Re: Data race in __inode_add_bytes
From: Jan Kara <jack@suse.cz>
Date: 2015-09-25 11:52:43
Also in:
linux-fsdevel, lkml
On Fri 25-09-15 11:51:53, Dmitry Vyukov wrote:
On Fri, Sep 25, 2015 at 11:36 AM, Dmitry Vyukov [off-list ref] wrote:quoted
Looking at __inode_add_bytes/ext4_inode_blocks_set I see much more ways to screw things up.
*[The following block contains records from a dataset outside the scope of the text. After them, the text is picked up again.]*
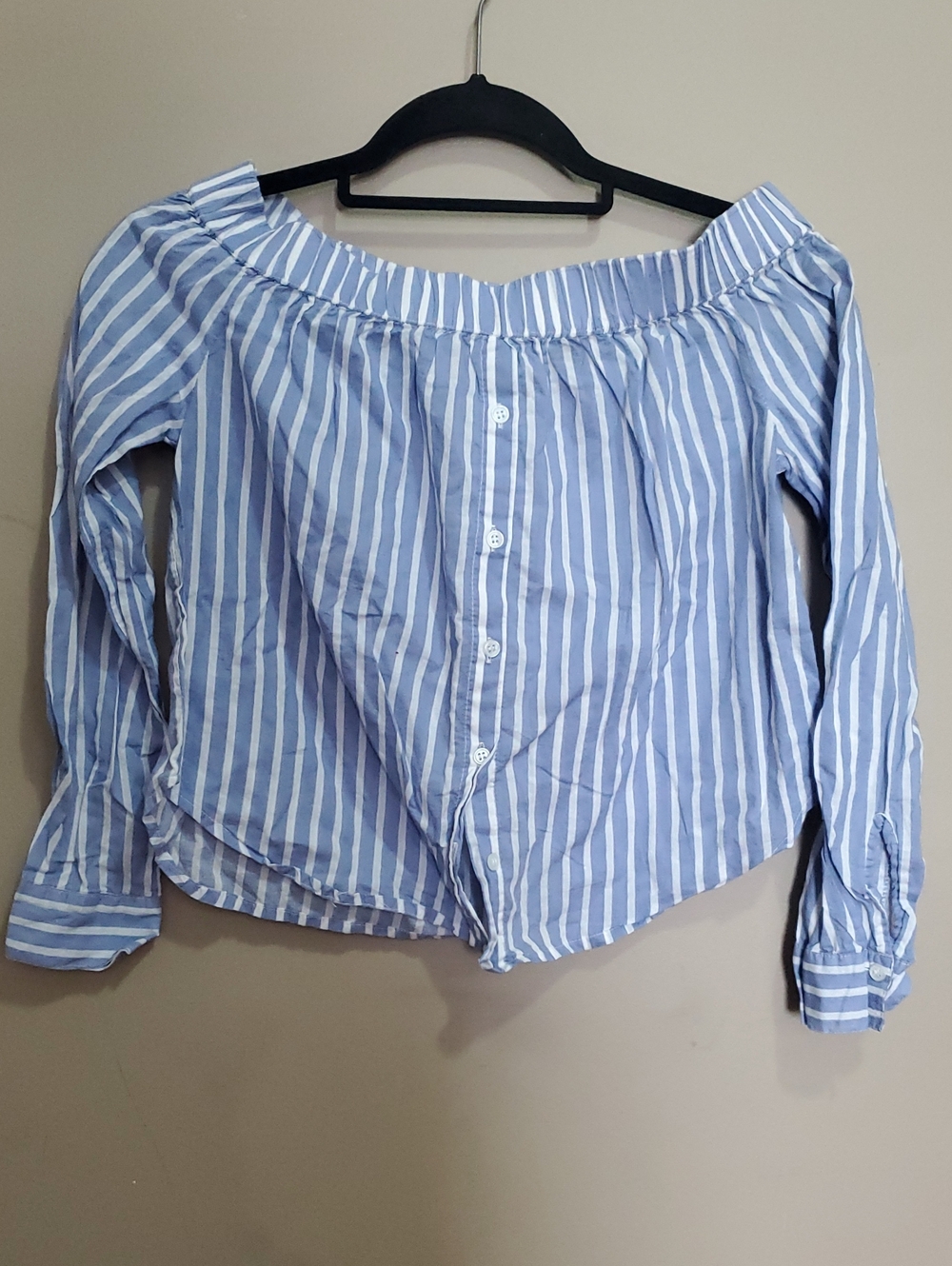 Urban Heritage Blue and White Striped Off-Shoulder Button-Down Top Size Medium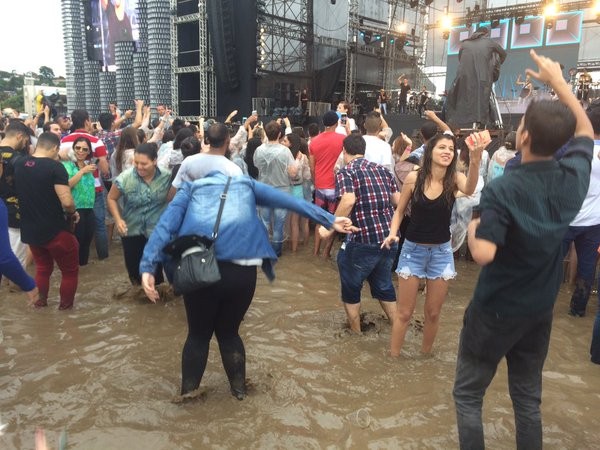 Fãs de Lucas Lucco dançam no meio da água em festival em SP (Foto: Rodrigo Ortega/G1)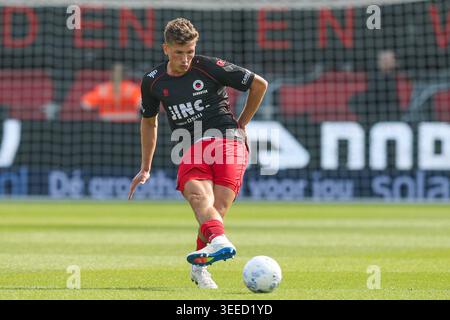 Rotterdam, Niederlande. Mai 2026. ROTTERDAM, NIEDERLANDE - 10. MAI: Lewis Schouten von Excelsior Rotterdam schießt den Ball während des niederländischen Eredivisie-Spiels zwischen Excelsior Rotterdam und FC Volendam im Stadion Woudestein am 10. Mai 2026 in Rotterdam. (Foto von Hans van der Valk/Orange Pictures) Credit: Orange Pics BV/Alamy Live News Stockfoto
For example, __inode_add_bytes: void __inode_add_bytes(struct inode *inode, loff_t bytes) { inode->i_blocks += bytes >> 9; bytes &= 511; inode->i_bytes += bytes; if (inode->i_bytes >= 512) { inode->i_blocks++; inode->i_bytes -= 512; } } can be compiled effectively as: void __inode_add_bytes(struct inode *inode, loff_t bytes) { inode->i_blocks += bytes >> 9 + 1; bytes = inode->i_bytes + (bytes & 511); if (bytes < 512) inode->i_blocks--; inode->i_bytes = bytes & 511; } Which will produce invalid results on any bitness with any file size.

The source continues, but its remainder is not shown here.